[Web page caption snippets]

::::

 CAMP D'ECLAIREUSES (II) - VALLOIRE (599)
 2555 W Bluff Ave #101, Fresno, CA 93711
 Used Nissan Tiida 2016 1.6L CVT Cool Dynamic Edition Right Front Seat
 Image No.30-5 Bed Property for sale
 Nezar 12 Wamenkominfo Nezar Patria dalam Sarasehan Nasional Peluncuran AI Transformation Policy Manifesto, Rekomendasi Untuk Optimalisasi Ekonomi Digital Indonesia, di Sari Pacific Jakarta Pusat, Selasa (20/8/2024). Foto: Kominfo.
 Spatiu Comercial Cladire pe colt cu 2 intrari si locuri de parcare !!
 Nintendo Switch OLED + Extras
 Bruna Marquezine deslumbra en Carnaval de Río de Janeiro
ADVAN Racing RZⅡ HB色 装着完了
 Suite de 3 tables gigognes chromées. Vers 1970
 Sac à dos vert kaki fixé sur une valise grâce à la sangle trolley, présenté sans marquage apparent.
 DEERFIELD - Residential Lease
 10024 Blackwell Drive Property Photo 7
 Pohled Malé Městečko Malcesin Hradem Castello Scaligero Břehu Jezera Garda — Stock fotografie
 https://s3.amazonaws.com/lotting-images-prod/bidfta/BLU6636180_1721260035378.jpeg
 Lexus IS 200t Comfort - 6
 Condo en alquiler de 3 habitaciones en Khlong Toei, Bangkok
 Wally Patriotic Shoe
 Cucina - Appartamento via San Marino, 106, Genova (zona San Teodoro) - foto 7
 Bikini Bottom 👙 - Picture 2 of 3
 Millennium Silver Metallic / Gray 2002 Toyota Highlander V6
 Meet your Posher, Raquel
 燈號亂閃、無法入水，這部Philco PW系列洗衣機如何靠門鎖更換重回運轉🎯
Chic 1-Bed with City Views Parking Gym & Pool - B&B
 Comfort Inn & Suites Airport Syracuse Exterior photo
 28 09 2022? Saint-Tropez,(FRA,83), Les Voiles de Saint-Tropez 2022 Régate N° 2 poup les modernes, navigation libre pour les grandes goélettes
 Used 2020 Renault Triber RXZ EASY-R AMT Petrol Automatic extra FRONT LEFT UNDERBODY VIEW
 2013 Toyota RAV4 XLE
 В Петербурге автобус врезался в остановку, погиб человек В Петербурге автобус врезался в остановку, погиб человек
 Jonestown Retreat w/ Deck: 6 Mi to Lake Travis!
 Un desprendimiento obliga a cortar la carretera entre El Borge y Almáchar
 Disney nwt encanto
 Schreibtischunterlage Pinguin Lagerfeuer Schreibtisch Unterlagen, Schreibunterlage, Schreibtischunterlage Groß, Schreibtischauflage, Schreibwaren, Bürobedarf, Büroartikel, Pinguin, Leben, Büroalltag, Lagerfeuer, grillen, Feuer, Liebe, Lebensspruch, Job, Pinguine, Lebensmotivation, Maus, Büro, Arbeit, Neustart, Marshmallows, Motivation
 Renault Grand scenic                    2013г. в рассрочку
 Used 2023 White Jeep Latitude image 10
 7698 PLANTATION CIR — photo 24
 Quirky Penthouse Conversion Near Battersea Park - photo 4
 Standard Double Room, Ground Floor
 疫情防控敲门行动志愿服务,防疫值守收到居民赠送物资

::::

▶ [Task to carry out]: Copy out exactly the lines running from the line with "Schreibtischunterlage Pinguin Lagerfeuer" to the end of the records, inclusive.

▶ [Your response]:
 Schreibtischunterlage Pinguin Lagerfeuer Schreibtisch Unterlagen, Schreibunterlage, Schreibtischunterlage Groß, Schreibtischauflage, Schreibwaren, Bürobedarf, Büroartikel, Pinguin, Leben, Büroalltag, Lagerfeuer, grillen, Feuer, Liebe, Lebensspruch, Job, Pinguine, Lebensmotivation, Maus, Büro, Arbeit, Neustart, Marshmallows, Motivation
 Renault Grand scenic                    2013г. в рассрочку
 Used 2023 White Jeep Latitude image 10
 7698 PLANTATION CIR — photo 24
 Quirky Penthouse Conversion Near Battersea Park - photo 4
 Standard Double Room, Ground Floor
 疫情防控敲门行动志愿服务,防疫值守收到居民赠送物资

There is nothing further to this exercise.